Alternative Spring Break takes students to a secluded small town in West Virginia

The Daily News

Elyse Brenner and Mayu Watanabe shovel $6,000 worth of coal into a furnace. This is the 10th year of Ball State’s Alternate Spring Break program. DN PHOTO CARIEMA WOOD
Elyse Brenner and Mayu Watanabe shovel $6,000 worth of coal into a furnace. This is the 10th year of Ball State’s Alternate Spring Break program. DN PHOTO CARIEMA WOOD

Freshman nursing major Tessa VanVelzer could have gone to Panama City, Fla., to relax on the beach. Instead she went to the small, poverty-stricken community of Caretta, W.Va., a place in the seclusion of mountains. Many houses were only charred remains, from what VanVelzer was told was the result of an epidemic of poor electrical wiring. She has done similar volunteer projects in the past, so she wasn’t shocked at the amount of poverty in the town. Her biggest shock came from getting to know the locals.

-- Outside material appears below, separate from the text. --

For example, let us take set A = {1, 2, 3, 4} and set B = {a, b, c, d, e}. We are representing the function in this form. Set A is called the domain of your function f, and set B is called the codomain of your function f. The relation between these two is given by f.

A local Caretta man, who was supervising the students in their building projects, invited the students to his home. Although he was lending his tools and time to rebuild the houses of his neighbors, his own home was as VanVelzer described one of the worst. The floors were warped, the outside of the small house was visibly rotting. 

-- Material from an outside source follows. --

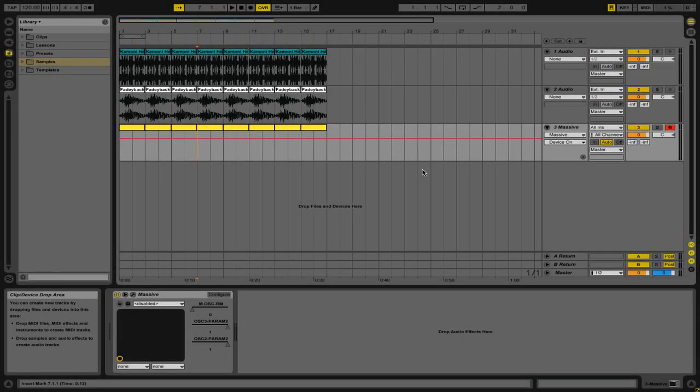Hi, this is Peter from the DJ Podcast. In this video, we'll be looking at how to use groups in Ableton Live 8.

“He has so little, but he was willing to give so much,” VanVelzer said. “I really saw that when we visited his home. The people there have a really big heart ... I didn’t realize people like that existed.”

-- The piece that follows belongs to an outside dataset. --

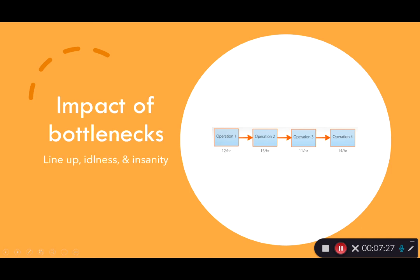The impact of bottlenecks is that it causes lineups, idleness, and what I'd call insanity. A lineup forms before operation three — 12 customers come in, 11 get processed, one customer waits. Meanwhile, operation four only gets 11 customers coming in but has capacity for 14, so whoever's working there has an easy time — they process 11 customers and spend the rest updating their Instagram page. But at operation three, life is madness — they're working full tilt all the time and still have a lineup forming.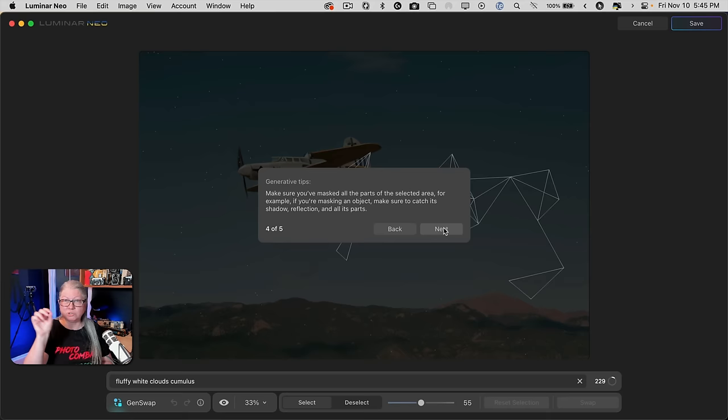Just like GenErase, when you click save it's going to make a new TIFF and save it in the same folder called Generative Creations — so GenErase and GenSwap results go into the same folder. Let's take a look at the before and after — there's the original and there's the new creation. I'm not even going to get into the discussion around ethics on doing this kind of thing — is it still photography, is it your image anymore, and so on. That's a whole discussion for another day. Let me show you a few other examples of what I was able to do using GenSwap.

VanVelzer was struck by the number of people who “had almost nothing but still found ways to serve.” 

She was one of the 31 Ball State students who went to Caretta as part of the university’s Alternate Spring Break program. The 27 undergraduate students and four graduate students were accompanied by a staff member to do volunteer work in this small town in West Virginia. 

Volunteers did manual labor in the housing sector of the community. The group worked to renovate six houses and a community center, performing tasks like replacing flooring and installing a handicap rail. Junior criminal justice major Marcus Kelly not only gained from being able to help a worthy cause, but he also learned repair and building skills that he can use back home such as dry walling, patching roofs and putting in floors.

“On the trip I realized that people will appreciate anything, whether it’s something as small as a smile or big, like building them a house,” Kelly said.

Part of the focus of the trip was also on the effect of poverty on K-12 education. Volunteers hosted a “Dr. Seuss Literacy Day” at a K-8 elementary school where they distributed books to the students. The group also met with high school seniors to discuss college possibilities. Students received information on how to get to and succeed in college, as well as information on how to apply for Free Appication for Student Financial Aid and other financial aid opportunities. 

“A lot of these kids are told that college is not an option, but there are different ways to get there,” VanVelzer said. “You really feel isolated in the mountains; cut off from society, but we wanted them to know there’s more out there.”

The group coordinated with Big Creek People of Action, a local philanthropy group established in 1990 to improve the quality of life in the area. Much of the funding for the trip came out of pocket for the volunteers or from whatever funds they could raise individually. The trip was open to all students with a variety of majors represented, including nursing, journalism and education. 

Japanese foreign exchange student Mayu Watanabe recalled when searching for volunteer opportunities that she wanted to “go somewhere warm.” The junior education major said she was interested about poverty in the United States, a subject that doesn’t get much attention internationally. 

Kelly and VanVelzer plan to attend more alternative breaks and continue to do community service. 

“Giving back is one of the most fun things to do,” Kelly said. “When you do, you get a lot more back. I’ll take that over partying and alcohol any day.”